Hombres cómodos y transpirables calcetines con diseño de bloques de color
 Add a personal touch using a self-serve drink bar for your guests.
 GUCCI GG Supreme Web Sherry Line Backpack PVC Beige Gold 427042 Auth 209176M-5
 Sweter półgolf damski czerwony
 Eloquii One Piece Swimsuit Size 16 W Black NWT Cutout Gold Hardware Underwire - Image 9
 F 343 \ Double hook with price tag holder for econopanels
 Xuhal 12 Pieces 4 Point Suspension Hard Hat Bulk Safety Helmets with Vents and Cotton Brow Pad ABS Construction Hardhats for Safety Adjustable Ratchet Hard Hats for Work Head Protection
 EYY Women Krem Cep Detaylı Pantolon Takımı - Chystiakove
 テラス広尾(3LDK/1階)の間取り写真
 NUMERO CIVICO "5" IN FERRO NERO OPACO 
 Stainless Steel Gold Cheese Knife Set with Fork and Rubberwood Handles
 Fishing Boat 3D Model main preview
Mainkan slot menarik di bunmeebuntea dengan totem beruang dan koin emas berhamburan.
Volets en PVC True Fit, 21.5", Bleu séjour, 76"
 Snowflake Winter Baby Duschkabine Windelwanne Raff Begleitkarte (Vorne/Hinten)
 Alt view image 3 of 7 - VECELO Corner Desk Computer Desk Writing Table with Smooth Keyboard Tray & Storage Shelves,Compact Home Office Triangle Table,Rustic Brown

● What the exercise asks
Look through the material and find each line that includes "Gold", then copy it.

● Your solution
 GUCCI GG Supreme Web Sherry Line Backpack PVC Beige Gold 427042 Auth 209176M-5
 Eloquii One Piece Swimsuit Size 16 W Black NWT Cutout Gold Hardware Underwire - Image 9
 Stainless Steel Gold Cheese Knife Set with Fork and Rubberwood Handles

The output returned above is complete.